2) I think cross-validation is very important. And, more generally, replication is crucial. If you can afford to set aside a portion of your data to cross-validate, that is fantastic. If you’re in a scenario where you are making a decision based on the results, I think cross-validation and/or separate validation runs at the settings you choose are essential. If it’s more scientific research with no immediate applied application, cross-validation or just the knowledge that replication by other researchers is still required. I never believe that any individual study is sufficient to prove anything. It’s the accumulation of replicated results that is important–and I’d include cross-validation as a form of replication. In this post, I mention performing a confirmation study for these reasons! At some point, I need to write a post about cross-validation studies!
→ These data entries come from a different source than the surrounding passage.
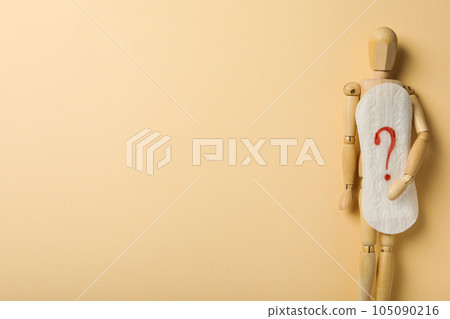 Menstrual cycle concept, wooden figurine of a man holding a pad 105090216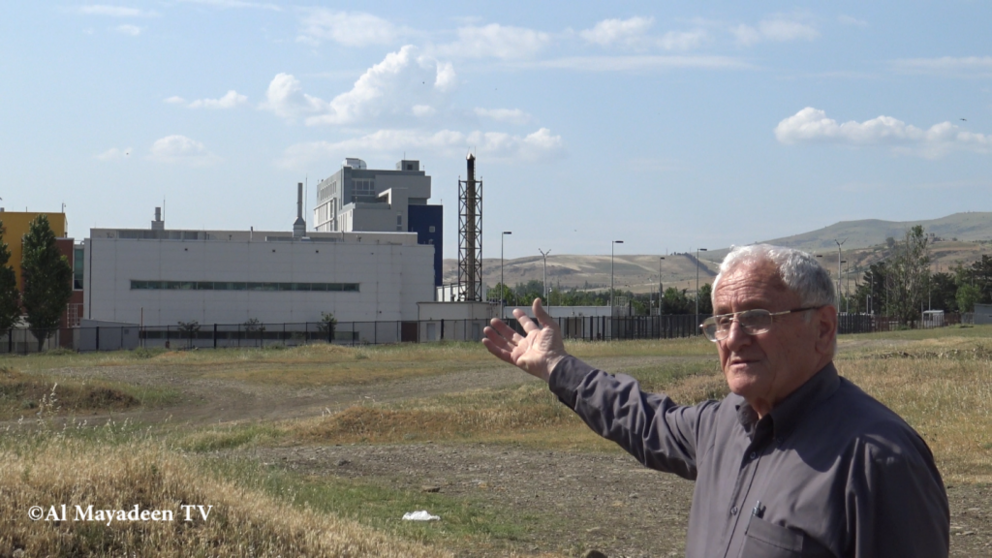 Albert Nurbekyan who lives about 300 m from the laboratory shows the four chimneys from the Lugar Center which release smoke at night.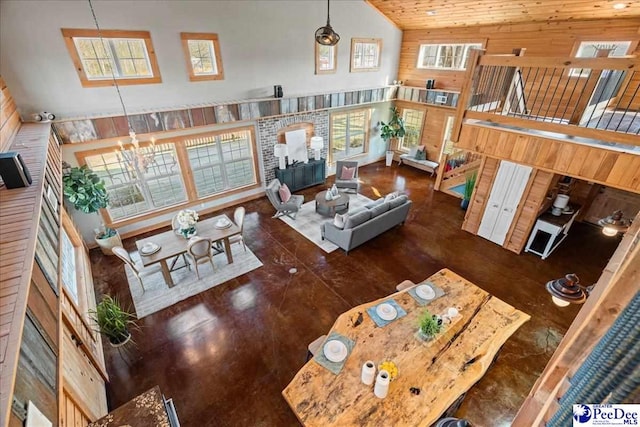 living area with stairway and high vaulted ceiling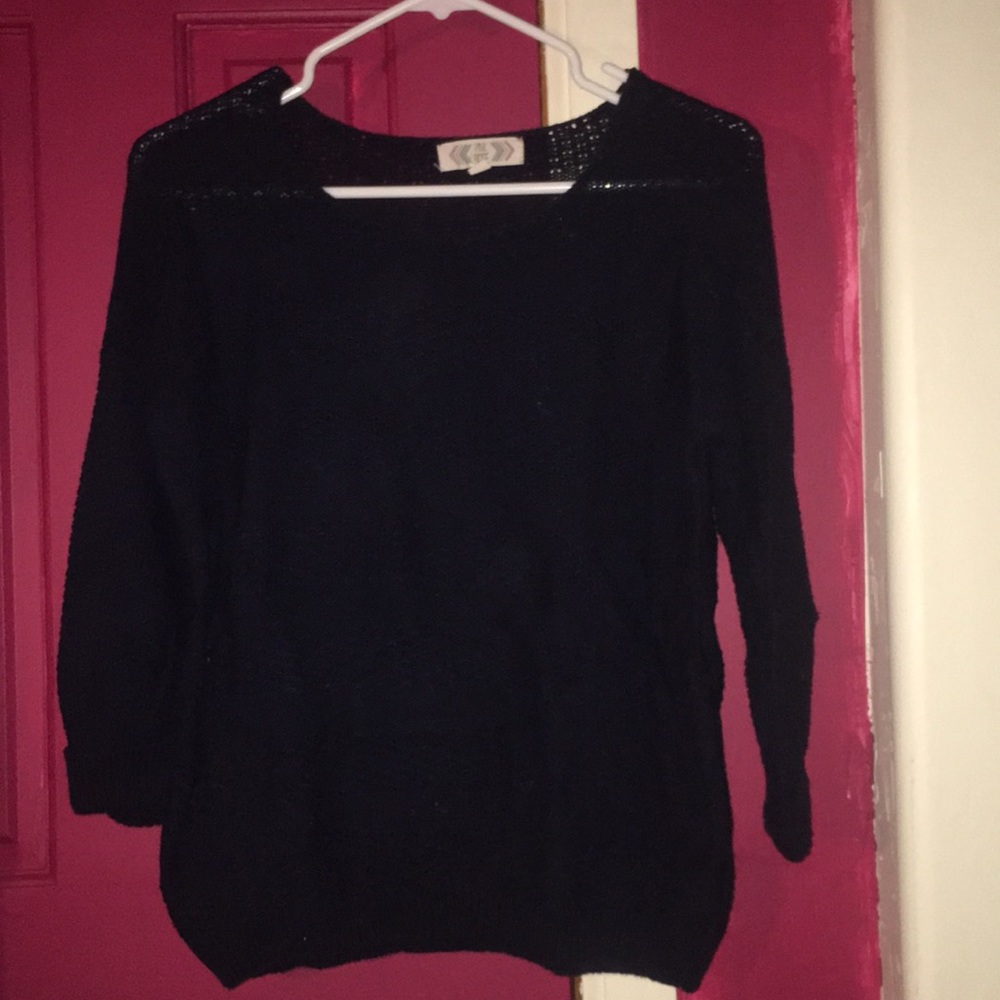 Blue knitted sweater with rolled sleeves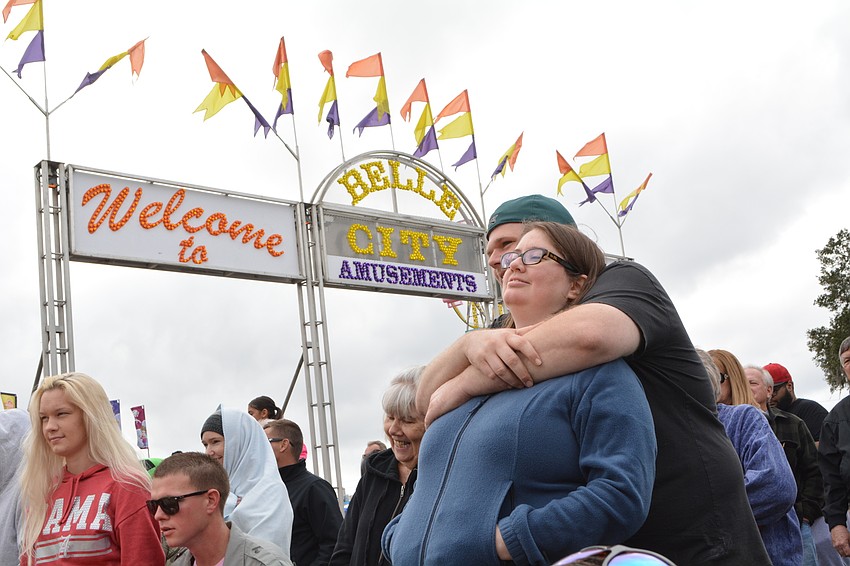 Bradenton's Emily Nablo and Joe Hansen  are ready to watch pig racing.
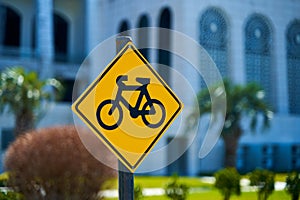 Diamond shaped sign with a bicycle. Alerting car drivers about a large number of cyclists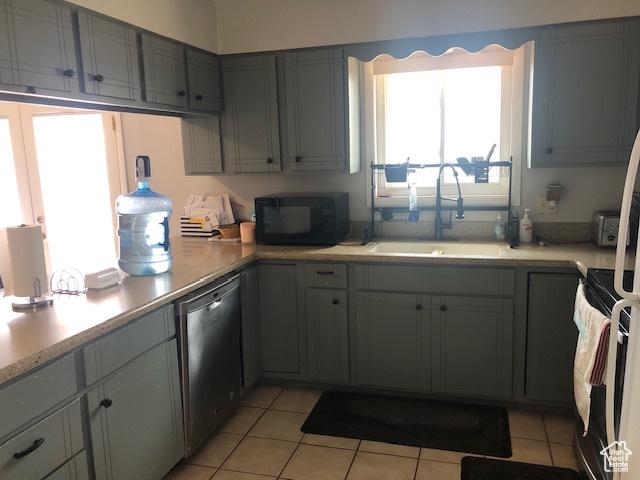 kitchen with black microwave, light tile patterned floors, light countertops, dishwasher, and a sink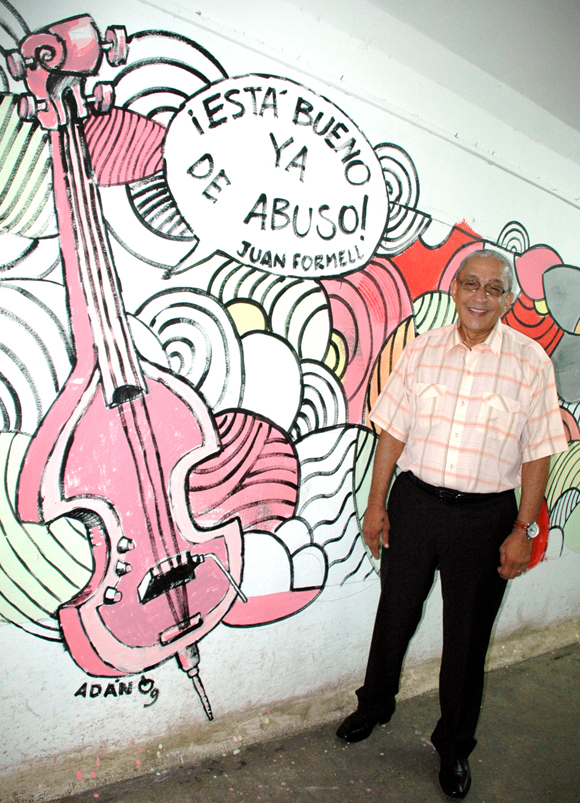 Juan Formell, director de Los Van Van Junto a mural humorístico en el Pabellón Cuba. Con motivo del día de la Cultura Cubana en el año 2009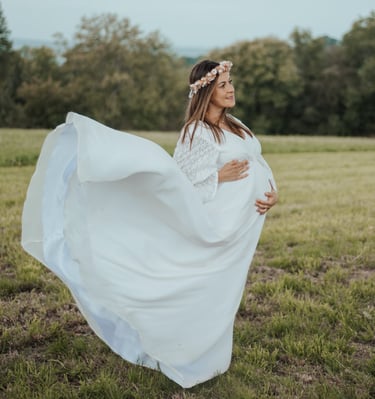 a pregnant woman in a white dress with a flower crown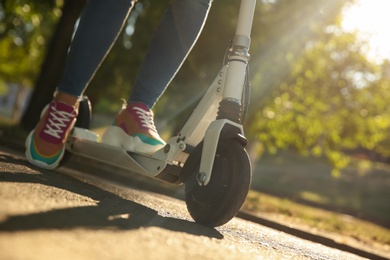 Photo of Woman riding electric kick scooter outdoors, closeup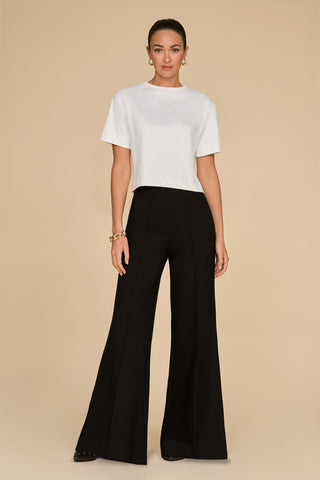 Against a beige background, a person stands wearing an ivory Naya Suede T-Shirt with a cropped fit and black wide-leg pants. Their hair is tied back, complemented by gold hoop earrings and a bracelet. The overall look is minimalist and chic, perfect as a stylish layering piece.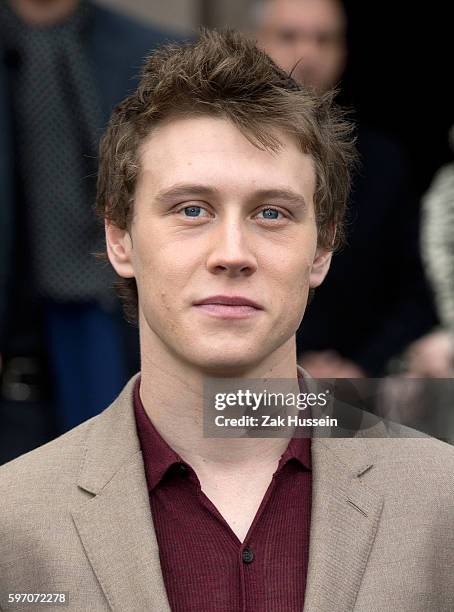 George MacKay arriving at the Burberry Prorsum show at the London Collections: Men AW15 in London.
3) There are power and sample size procedures for various hypothesis tests. However, with regression analysis, that type of analysis much more complicated because you can have different numbers of predictors, continuous and/or categorical variables, interaction terms, and polynomials among other model variants! The best approach I’ve seen is to do your background research first and build up a list of potential predictors and develop an idea of how complex the model will be. Then, you can let that guide you to the minimum sample size that is required. This approach also helps you avoid trying many different models because already have some ideas before starting. I write about this approach in my post about overfitting models. That post also contains the reference about the rule-of-thumb that you’re asking about. I highly recommend that article!

That all said, sometimes you’re in the exploratory stages for a new research area, and there’s not much existing information to guide you. In that case, you may have to wing it and go by educated guesses. But, if information exists that you can guide your study, it’s always worthwhile finding it.

Best of luck with your analysis!

Steve Maggio says

You say data mining works better with large data sets. Do you have any guidance on how many observations you should have to avoid this problem in data mining?

Mike Babyak says

For starters see the work of Ewout Steyerberg and Karel Moons.